Wednesday, July 23, 2008

on complexity, chaos and self-organisation

Just the other day, I was reading a post by Dave Snowden on management vs. self-organisation that triggered a few questions in my mind... This is what I commented:

chaos and anarchy are not the same thing at all. anarchy would imply not having any ruler but this does not mean chaos since a group can be self-governing and leadership a dynamic and distributed process... take for example the classical example of a jazz quartet doing improvisation (would it mean anything to say that the underlying form of the music manages the player's interactions)? now, can the same thing be said of management? can a system be said to display self-management or self-organising properties?

i often come up across this question in the context of my work... is it about the coordinator 'coordinating' the team or is it about there being 'coordination' within the team and does thinking about it differently lead to different ways of trying to achieve the end result (i.e. a team operating with a high level of coordination or coherence)?

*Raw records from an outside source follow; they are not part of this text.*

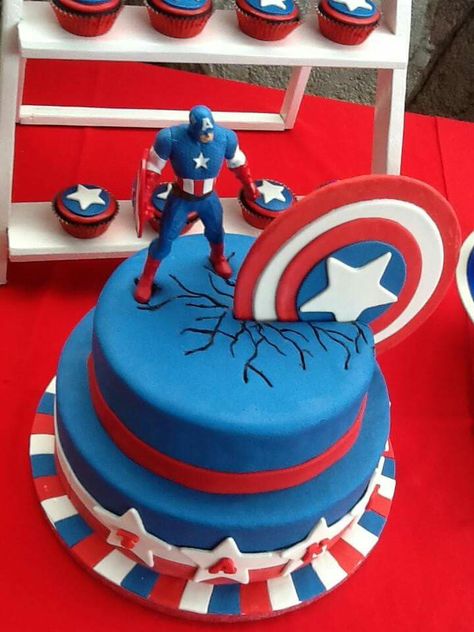 Captain American Cake, Marvel Pasta, Capitan America Cake, Captain America Cake Design, Superhero Theme Cake, Captain America Shield Cake, Captain America Cupcakes, Captain America Birthday Cake, Avengers Cake Topper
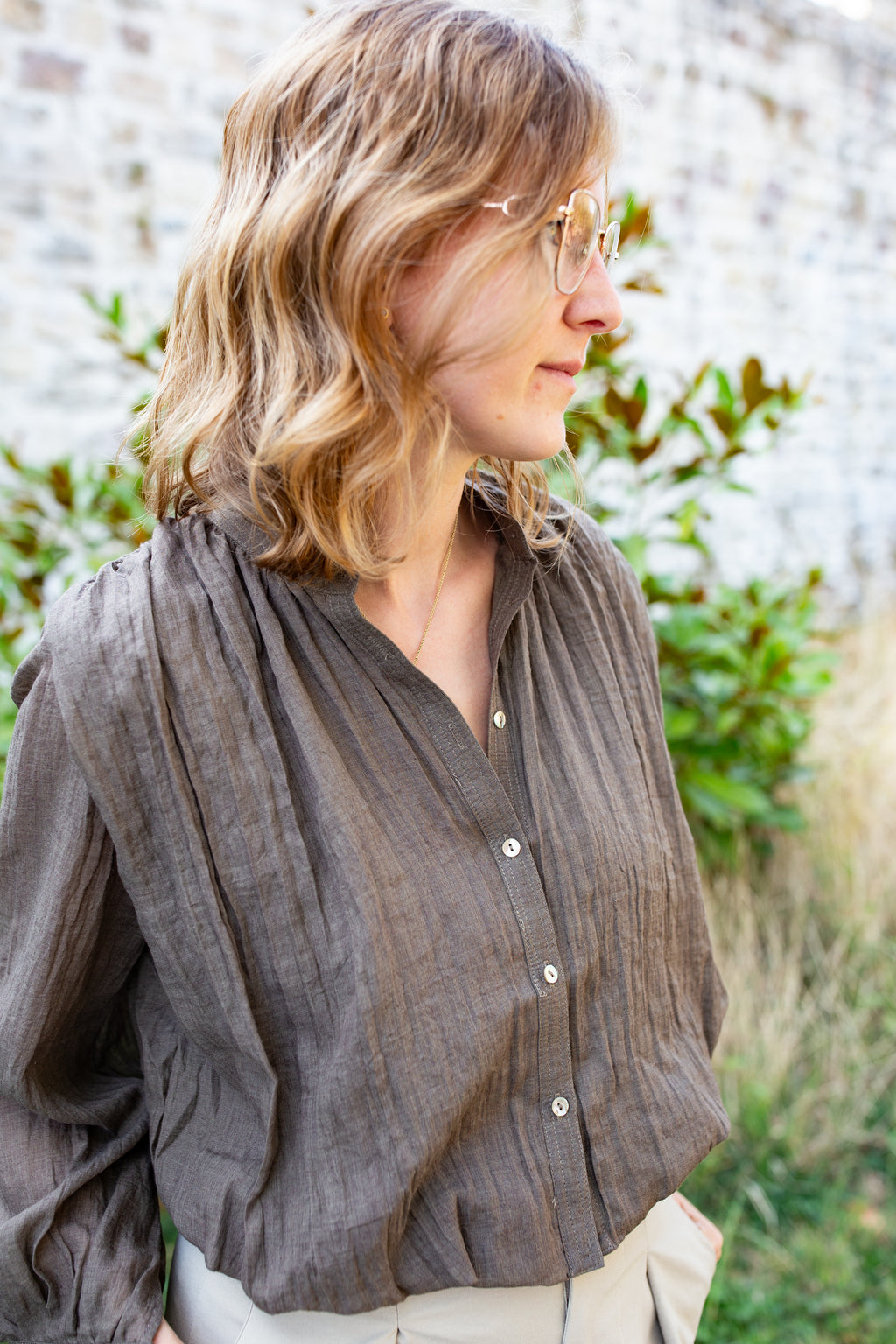 LOUISE KAKI _ Blouse courte
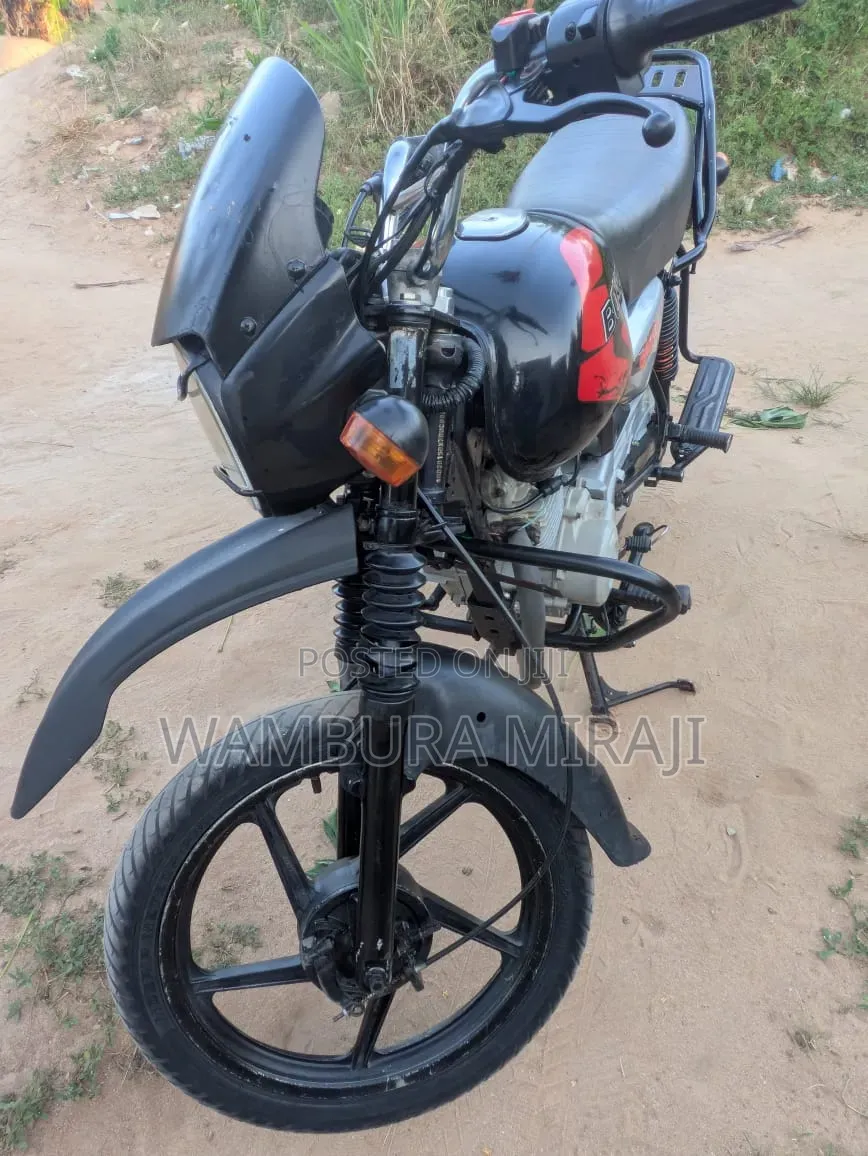 Bajaj Boxer X125 2026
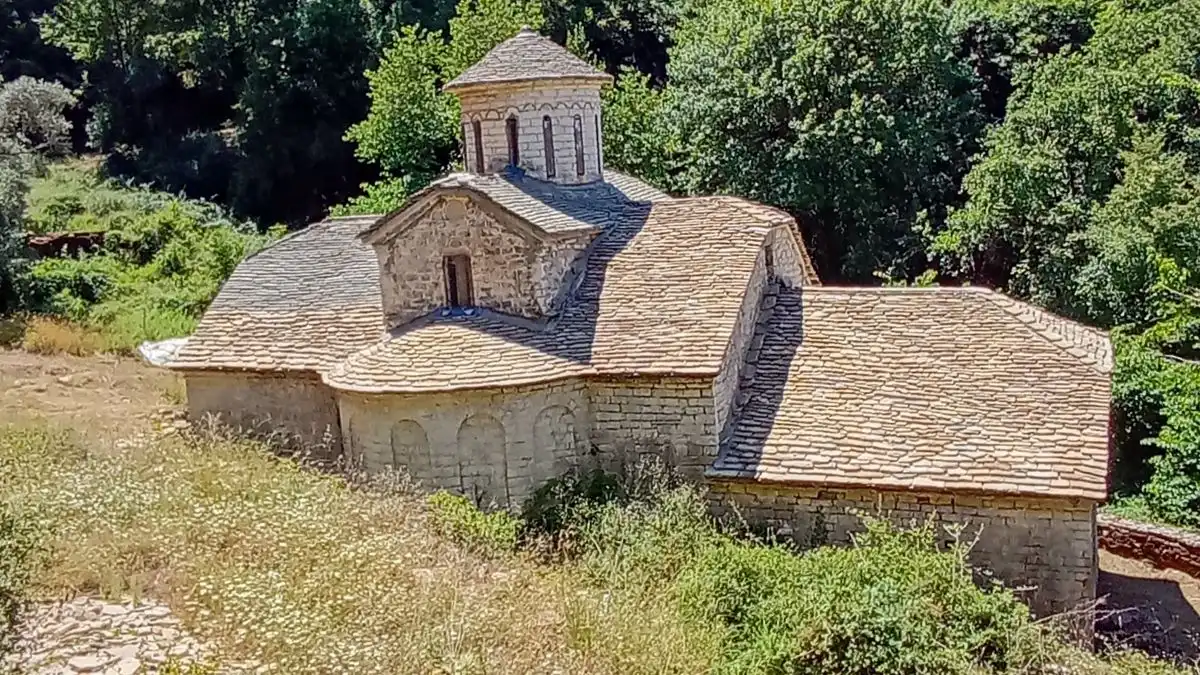 Σήμα κινδύνου για τη Μονή Αγγελομάχου λόγω των σεισμών - Ένα χρόνο μετά, έμειναν μόνο οι υποσχέσεις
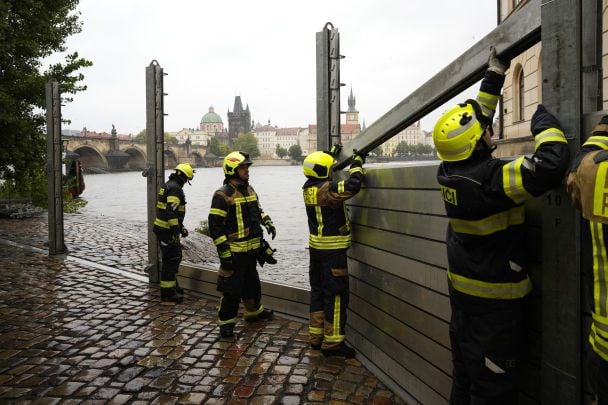 A Praga vengono installate barriere antiallagamento / © Associated Press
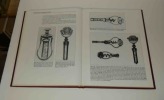 Corkscrews of the Eighteenth Century: Artistry in Iron and Steel. Whitespace Publishing, 1995.. BERTRAN B., Giulian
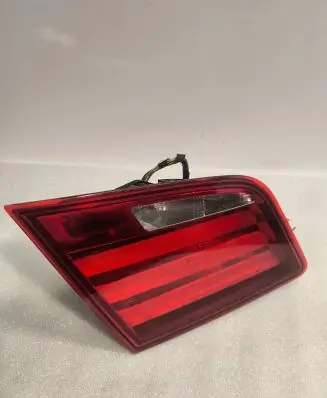 Tailgate rear/tail lights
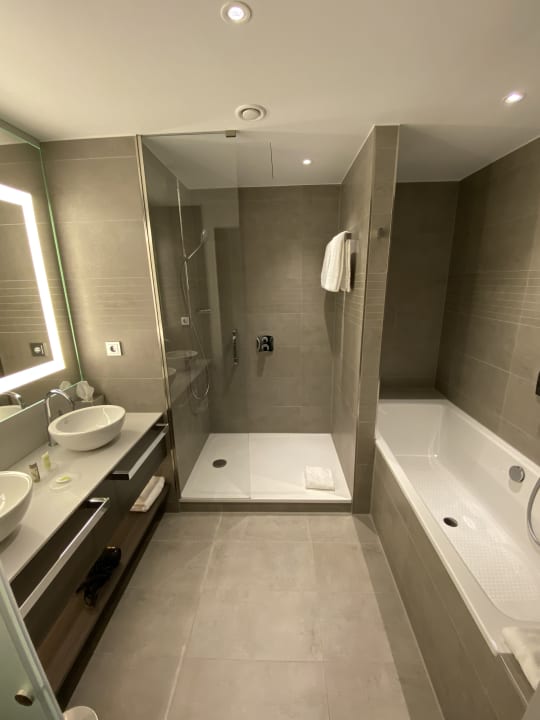 Zimmer Courtyard by Marriott Hamburg City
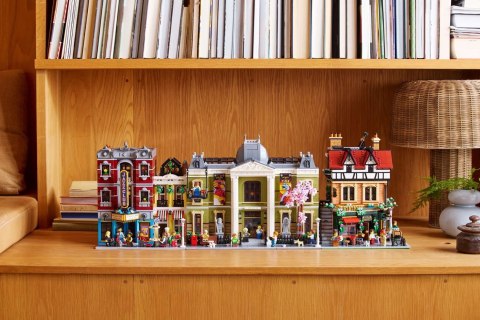 LEGO ICONS 10350 Dom w stylu angielskim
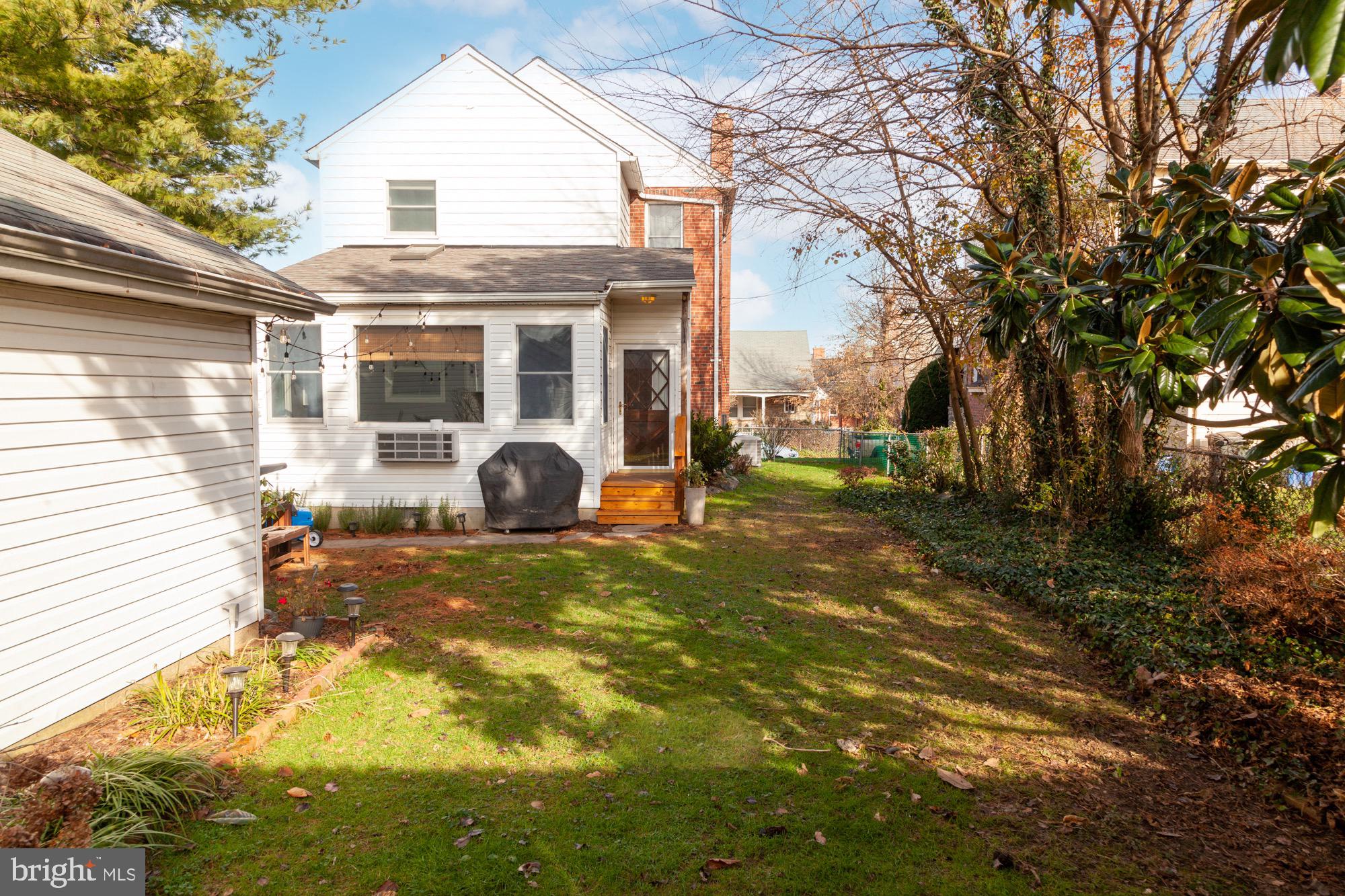 LAVENDER HILL - Residential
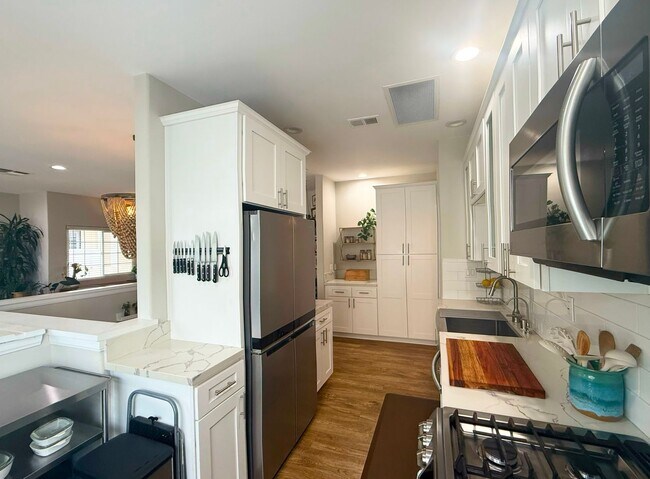Foto del edificio - Stylish 3BR/2BA Coastal Home Just Blocks from the Beach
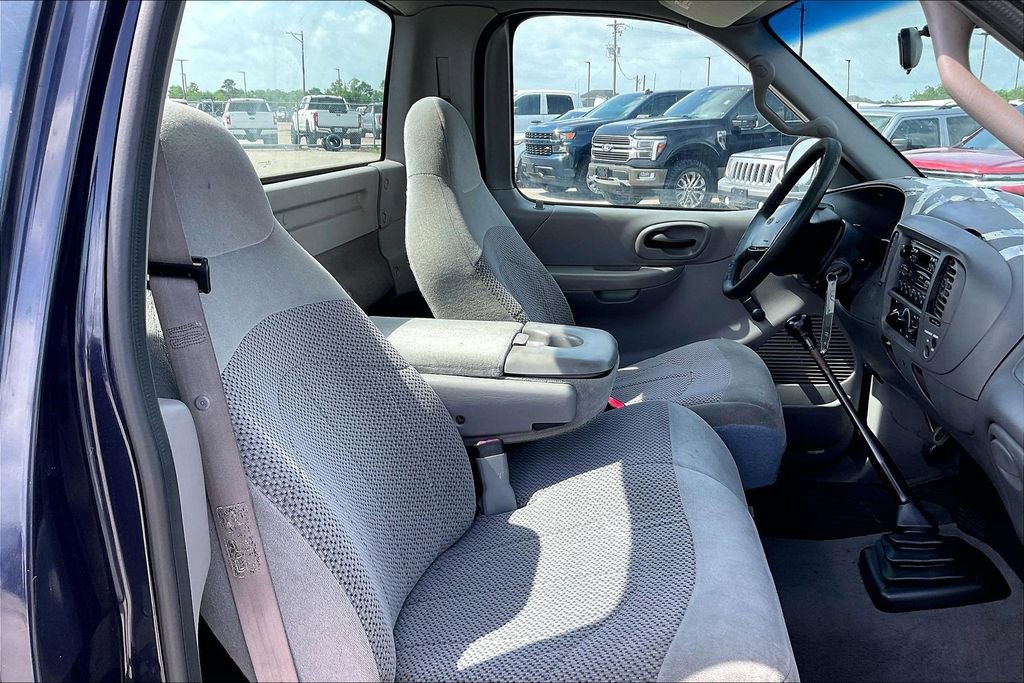Used 2000 Ford F150 XL RWD image 21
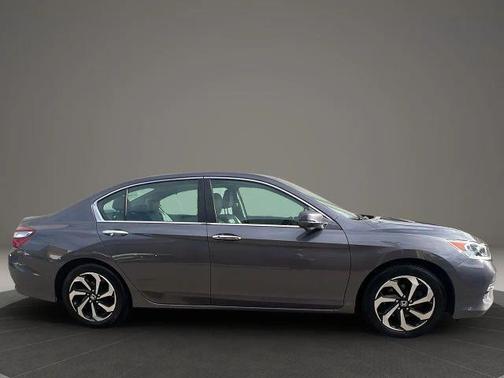 2017 Honda Accord EX-L w/Navigation & Honda Sensing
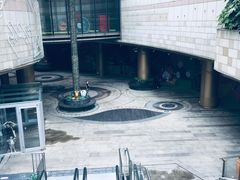 -圆融星座购物中心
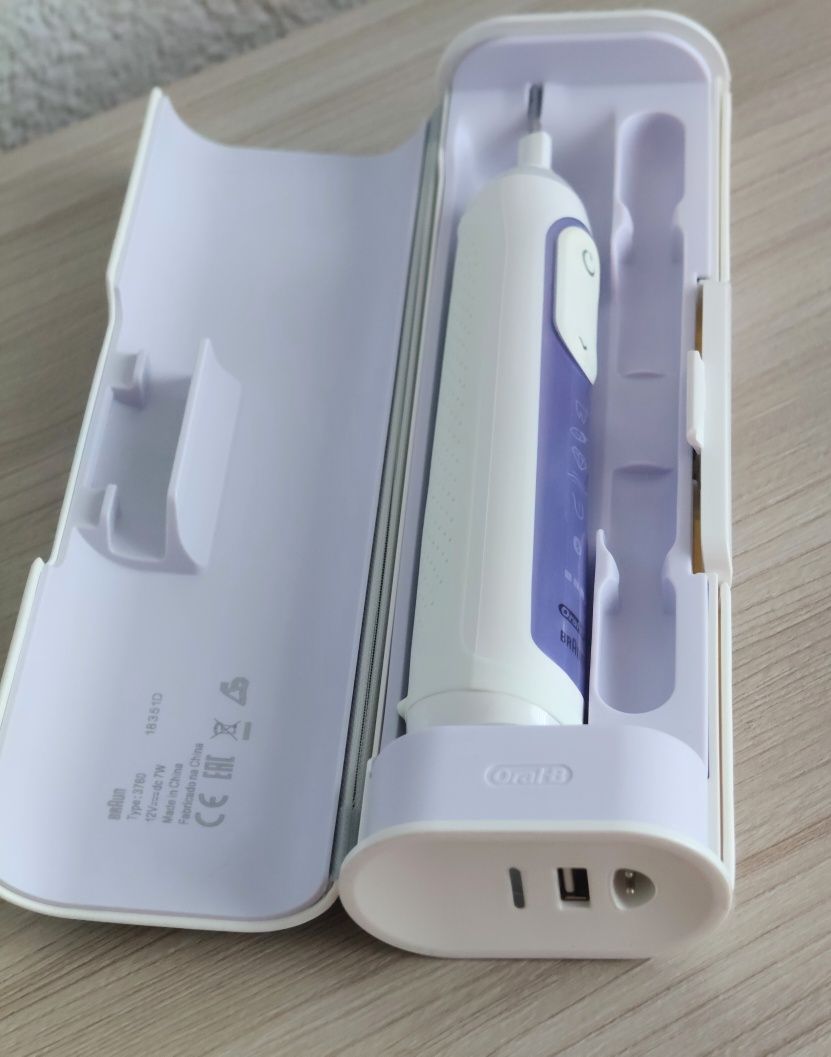 Szczoteczka rotacyjna Oral-B Genius 10000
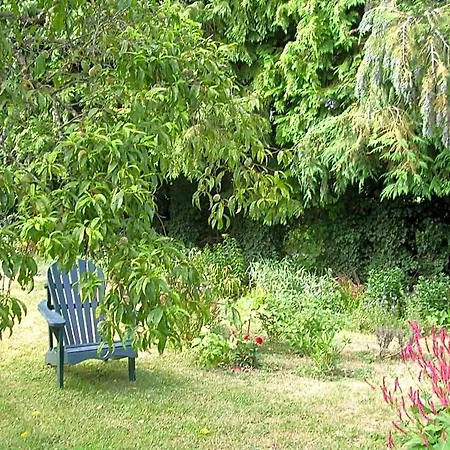 La Maison Des Aubees לינה וארוחת בוקר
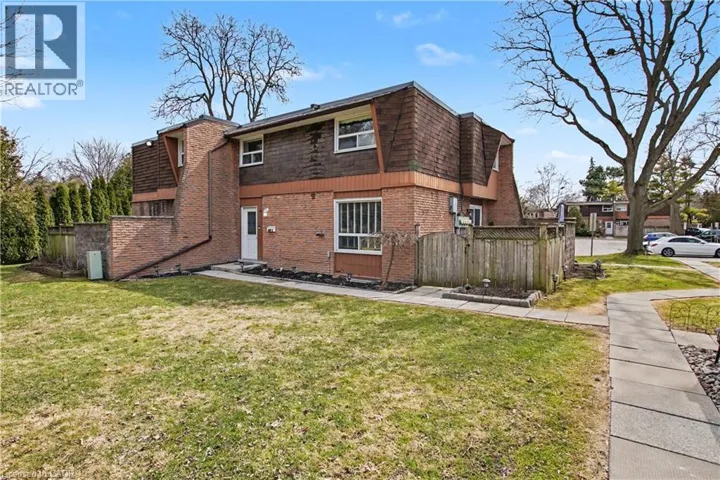 661 FRANCIS Road Unit# 4, Burlington, Ontario L7T3X6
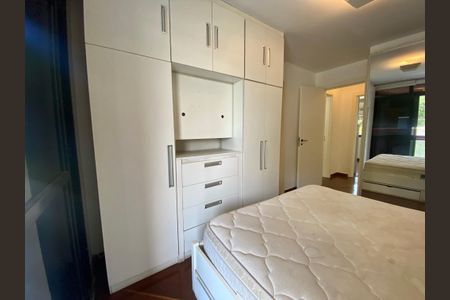 Apartamento à venda com 82m², 2 quartos e 1 vagaSuíte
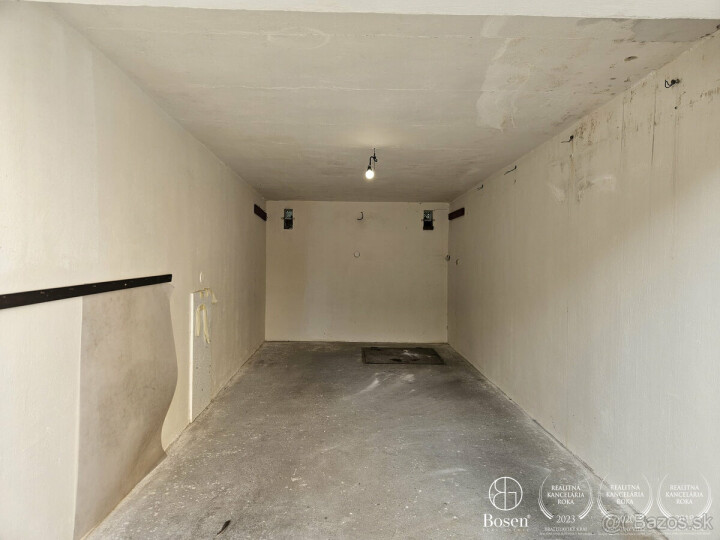 Na predaj garáž v Dunajskej Strede, Ružový Háj - 18m²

For some reason, I also thought that self-organisation was supposed to be a property of complex, not chaotic (= lacking any organisation or coherence) systems... tipping a system into a chaotic state may be a way of temporarily unlocking the system so that it has greater chance of self-organising in new ways (this would also be where the role of the 'manager' comes in - creating the container/parameters within which all this can happen)... It's also worth pointing out that self-organising does not mean 'good'.

I also think that you can call it management if you prefer the horse analogy but there can be many other words for it... one, possibly more appropriate one - given all the connotations - might be facilitation... but then perhaps there is a scale from command and control (absolute micro-management) to not doing anything at all (with facilitation somewhere more towards not doing anything)?

but what I understood from what I have read, practiced and reflected on of systems theory is that the whole point is that regardless of what you are doing in the system (i'm talking about an organisational -i.e. complex - system here), the system has its own complex dynamics, attractors, etc. - which leads to self-organisation (which could be good or bad)... so, like you said (but in different words?), the manager has to work with the self-organising characteristics of a complex system in order to help it continuously transition to levels which secure it a better fit with more of its external environment... in a social (human organisational) system, this would entail communication and quite possibly involving the whole system in the management of itself...

for some reason this always gets me thinking about the fact that little organisms had a big hand in making our atmosphere into something breathable... and plants which continue to play a critical role in regulating the earthly climate...

sorry for the rambling! does this make any sense?